Sunday, September 15, 2013

Walking around the Qutb Minar

Courtyard view

A few weeks ago I realized I was at my last free weekend before volleyball started. Despite limping around with a cast on my foot I was determined to take advantage of time that would soon be in short supply. So I decided to take a trip to one of the main sites in Delhi which, despite it being the beginning of my third year, I had never visited...the Qutb Minar. On a bustling street corner, after crossing the road three times (turns out the ticket office is on the opposite side of the road from the monument itself) we entered into a green space whose main focus had my neck cricked back so I could stare into the sky. This sandstone column rises 72.5 meters (238 feet) into the air and is the highest stone tower in India. It was constructed as a huge minaret in the courtyard of the Quwwatu'l-Islam mosque which dates from 1198 and was pieced together using fragments of demolished Hindu temples giving an unusual design of stone work in a mosque.

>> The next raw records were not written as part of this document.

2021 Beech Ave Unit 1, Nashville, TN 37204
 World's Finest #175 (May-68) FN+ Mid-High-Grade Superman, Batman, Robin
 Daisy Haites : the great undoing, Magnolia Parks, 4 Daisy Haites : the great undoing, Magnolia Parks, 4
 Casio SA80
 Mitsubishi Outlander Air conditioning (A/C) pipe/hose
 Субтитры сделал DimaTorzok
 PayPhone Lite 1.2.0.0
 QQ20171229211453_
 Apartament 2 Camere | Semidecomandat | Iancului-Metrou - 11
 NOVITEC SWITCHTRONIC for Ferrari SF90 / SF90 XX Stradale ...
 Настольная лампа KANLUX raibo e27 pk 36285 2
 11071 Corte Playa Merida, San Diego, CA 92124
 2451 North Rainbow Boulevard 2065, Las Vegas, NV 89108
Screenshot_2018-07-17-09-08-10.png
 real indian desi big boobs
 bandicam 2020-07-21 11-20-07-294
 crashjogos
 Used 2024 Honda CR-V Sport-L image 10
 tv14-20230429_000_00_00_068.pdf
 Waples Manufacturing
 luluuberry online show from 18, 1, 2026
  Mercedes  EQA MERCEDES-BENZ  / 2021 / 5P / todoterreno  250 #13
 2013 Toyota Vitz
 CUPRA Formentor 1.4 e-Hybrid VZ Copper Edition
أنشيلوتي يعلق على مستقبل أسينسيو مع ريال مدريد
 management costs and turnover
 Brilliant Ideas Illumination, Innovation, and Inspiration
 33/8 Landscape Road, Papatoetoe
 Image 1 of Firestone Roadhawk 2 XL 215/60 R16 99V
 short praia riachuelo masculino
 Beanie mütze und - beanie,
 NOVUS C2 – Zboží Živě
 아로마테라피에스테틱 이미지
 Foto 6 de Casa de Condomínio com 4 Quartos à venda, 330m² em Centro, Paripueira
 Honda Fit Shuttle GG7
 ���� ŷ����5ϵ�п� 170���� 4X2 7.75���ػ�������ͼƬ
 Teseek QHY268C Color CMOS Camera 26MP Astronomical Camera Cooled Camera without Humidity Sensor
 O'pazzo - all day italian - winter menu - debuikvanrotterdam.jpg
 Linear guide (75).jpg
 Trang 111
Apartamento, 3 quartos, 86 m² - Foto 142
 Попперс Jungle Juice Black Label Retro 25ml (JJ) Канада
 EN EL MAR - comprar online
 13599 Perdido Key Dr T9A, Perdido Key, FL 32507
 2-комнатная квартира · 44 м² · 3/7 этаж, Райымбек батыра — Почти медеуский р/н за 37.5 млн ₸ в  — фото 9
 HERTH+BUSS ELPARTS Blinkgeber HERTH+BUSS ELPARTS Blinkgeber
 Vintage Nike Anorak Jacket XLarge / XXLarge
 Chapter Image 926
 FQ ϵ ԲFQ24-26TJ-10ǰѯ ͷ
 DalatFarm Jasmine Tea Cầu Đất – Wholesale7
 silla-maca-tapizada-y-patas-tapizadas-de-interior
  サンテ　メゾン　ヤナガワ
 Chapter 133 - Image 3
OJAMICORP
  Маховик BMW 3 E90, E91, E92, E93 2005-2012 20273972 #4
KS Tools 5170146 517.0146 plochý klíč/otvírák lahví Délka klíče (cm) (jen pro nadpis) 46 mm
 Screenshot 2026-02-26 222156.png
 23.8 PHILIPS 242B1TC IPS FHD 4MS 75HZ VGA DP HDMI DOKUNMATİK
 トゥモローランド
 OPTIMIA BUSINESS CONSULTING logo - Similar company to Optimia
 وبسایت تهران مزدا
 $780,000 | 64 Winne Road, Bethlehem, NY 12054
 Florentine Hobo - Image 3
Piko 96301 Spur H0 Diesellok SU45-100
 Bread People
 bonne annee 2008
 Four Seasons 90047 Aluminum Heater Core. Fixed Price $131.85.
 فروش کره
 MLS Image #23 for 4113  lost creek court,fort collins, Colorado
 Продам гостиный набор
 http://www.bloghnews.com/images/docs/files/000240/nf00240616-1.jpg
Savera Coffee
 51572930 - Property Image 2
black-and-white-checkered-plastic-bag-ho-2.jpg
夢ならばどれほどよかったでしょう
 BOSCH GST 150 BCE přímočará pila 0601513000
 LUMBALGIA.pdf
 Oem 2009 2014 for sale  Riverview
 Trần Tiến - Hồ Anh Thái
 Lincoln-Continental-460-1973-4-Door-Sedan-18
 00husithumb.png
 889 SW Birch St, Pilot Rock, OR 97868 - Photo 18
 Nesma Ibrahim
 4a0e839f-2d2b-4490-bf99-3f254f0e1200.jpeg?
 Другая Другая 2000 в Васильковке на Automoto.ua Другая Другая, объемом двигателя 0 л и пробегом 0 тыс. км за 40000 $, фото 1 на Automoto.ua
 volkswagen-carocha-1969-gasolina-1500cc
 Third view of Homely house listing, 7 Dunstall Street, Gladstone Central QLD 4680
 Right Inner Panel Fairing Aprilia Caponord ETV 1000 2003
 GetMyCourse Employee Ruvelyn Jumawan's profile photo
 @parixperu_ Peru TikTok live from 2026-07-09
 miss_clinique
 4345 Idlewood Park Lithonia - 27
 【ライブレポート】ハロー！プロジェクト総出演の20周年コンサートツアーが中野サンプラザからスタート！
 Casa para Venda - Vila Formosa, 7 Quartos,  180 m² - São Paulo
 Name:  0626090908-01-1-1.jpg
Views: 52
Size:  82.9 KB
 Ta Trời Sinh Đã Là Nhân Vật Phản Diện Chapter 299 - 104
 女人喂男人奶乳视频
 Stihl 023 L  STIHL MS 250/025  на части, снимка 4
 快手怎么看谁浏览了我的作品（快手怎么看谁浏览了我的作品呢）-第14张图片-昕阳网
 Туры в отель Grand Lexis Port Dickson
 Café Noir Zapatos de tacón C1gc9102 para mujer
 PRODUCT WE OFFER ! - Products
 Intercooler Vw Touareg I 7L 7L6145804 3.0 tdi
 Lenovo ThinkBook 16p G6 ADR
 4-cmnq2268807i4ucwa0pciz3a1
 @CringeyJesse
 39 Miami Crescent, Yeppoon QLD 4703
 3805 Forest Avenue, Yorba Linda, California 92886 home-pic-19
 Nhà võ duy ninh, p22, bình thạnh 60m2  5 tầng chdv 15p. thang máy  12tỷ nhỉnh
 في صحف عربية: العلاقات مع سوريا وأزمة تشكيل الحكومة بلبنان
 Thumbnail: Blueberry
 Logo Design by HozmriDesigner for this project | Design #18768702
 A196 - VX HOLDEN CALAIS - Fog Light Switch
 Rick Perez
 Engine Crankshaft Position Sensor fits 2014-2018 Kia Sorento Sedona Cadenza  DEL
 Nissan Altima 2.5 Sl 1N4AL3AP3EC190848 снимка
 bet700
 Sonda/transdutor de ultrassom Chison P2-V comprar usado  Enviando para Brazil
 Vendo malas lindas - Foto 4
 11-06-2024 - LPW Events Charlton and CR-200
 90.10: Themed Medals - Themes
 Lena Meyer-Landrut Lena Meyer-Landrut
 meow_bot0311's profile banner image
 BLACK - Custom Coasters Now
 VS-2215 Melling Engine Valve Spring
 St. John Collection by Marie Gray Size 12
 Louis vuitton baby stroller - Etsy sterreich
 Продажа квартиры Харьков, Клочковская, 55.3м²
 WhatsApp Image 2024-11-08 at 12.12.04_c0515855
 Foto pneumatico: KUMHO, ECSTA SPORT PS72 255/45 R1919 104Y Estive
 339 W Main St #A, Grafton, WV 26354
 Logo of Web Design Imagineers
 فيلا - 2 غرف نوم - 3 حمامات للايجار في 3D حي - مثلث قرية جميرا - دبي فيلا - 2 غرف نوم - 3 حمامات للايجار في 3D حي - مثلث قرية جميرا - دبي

The Qutb Minar itself was begun in 1202 and continued to be added on to and renovated until 1503. In addition to this massive tower and the remains of the mosque there are numerous tombs on the grounds, a madrasa, an unusual iron pillar with a Sanskrit inscription (which may attribute its pristine state in part to being regularly covered in ghee in its past), and the rubble of the beginnings of a second enormous minaret which never got very far off the ground.